Religion
- Affiliation: Buddhism
- Province: Gangwon Province

Location
- Location: Cheorwon County
- Country: South Korea
- Interactive map of Dopiansa

Architecture
- Established: 865

= Dopiansa =

Buddhist temple in Cheorwon, South Korea

Dopiansa is a Buddhist temple in Cheorwon County, Gangwon Province, South Korea. It was founded in the 9th century. Great monk Doseon constructed a metal-made Buddhist statue to enshrine in Anyang temple. On the way to the temple, he lost the statue, which was found in the place of current Dopiansa temple. He later decided to build the temple in that place to realize that the statue picked up the site for the temple.(865) The statue is now No. 63 national treasure of South Korea with another stupa in 4.1 m figure.

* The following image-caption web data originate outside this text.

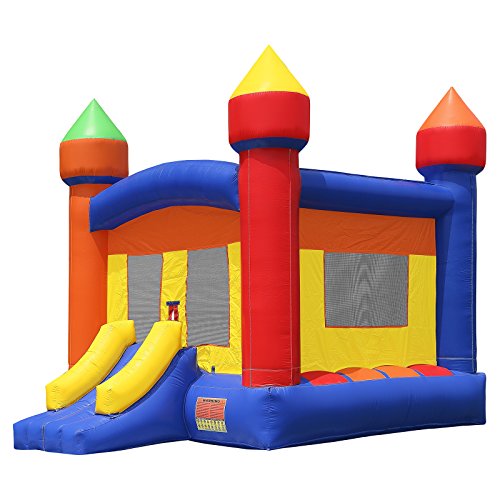 Inflatable HQ Commercial Grade Bounce House PVC Castle Multicolor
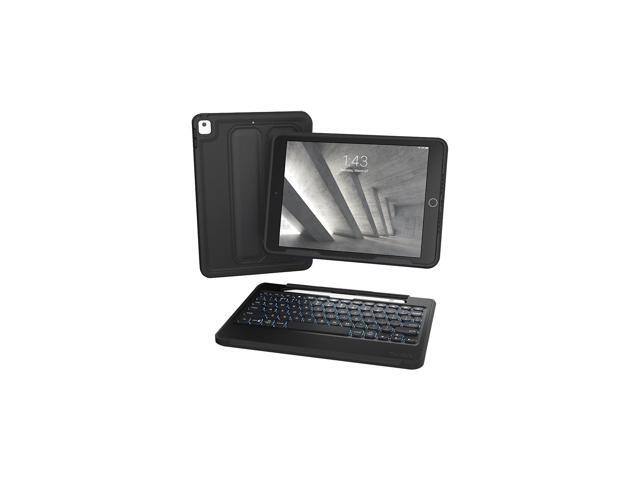 ZAGG 103104613 Rugged Book Polycarbonate Folio for 10.2" iPad Black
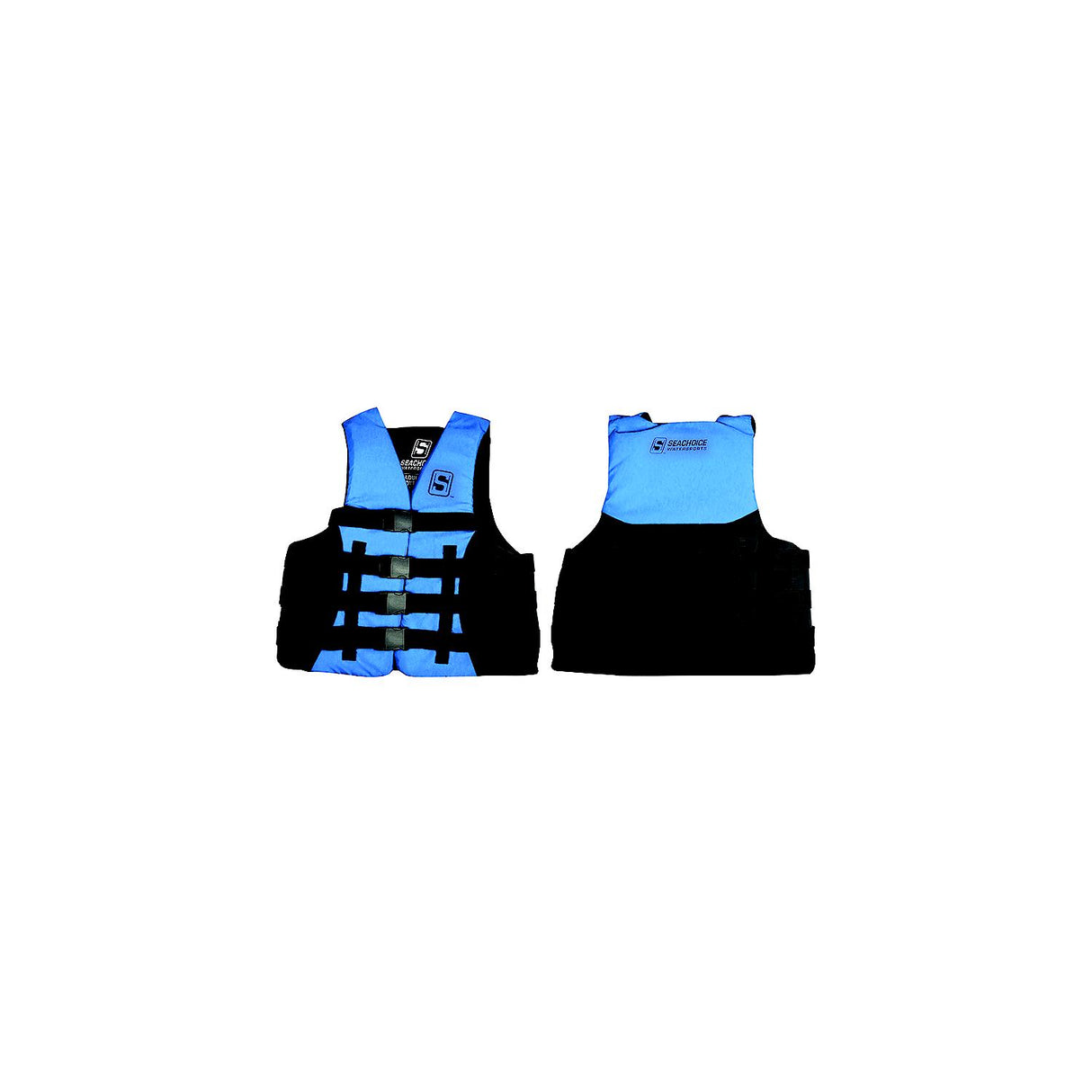 Seachoice 85137 Evoprene Multi-Sport Life Jacket - XL - Blue/Black, Fits Chest 40-44 in, USCG Level 70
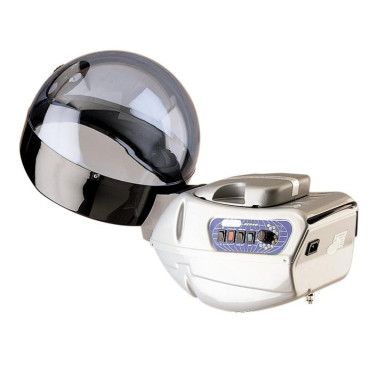 Casque Vapeur pour soins et traitement cheveux Ozone sur pied jacques seban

In 1898, the temple was all burned but one devotee served to re-establish the whole structure and once again in 1914. During Korean War, the local area went through critical period of conflicts, just below the DMZ, which implies that the temple also got affected by war. After war, the Army battalion served themselves to construct the historic temple in 1959. Since Cheolwon is located in one of the northernmost area of South Korea, the area was originally managed by military monk within the boundary of civilian control line (CCL), which was recently lifted to freely visit the temple without special permission.

The iron Buddha at the temple is designated as a national treasure of South Korea. In fact, it was the trend in the 10th century to make Buddhist statues in metal, whereas metallic grand pedestal is highly rare to behold. The record of production is inscribed at the back of the statue of Buddha, telling that it was built in 5th year of King Gyeongmun of Silla.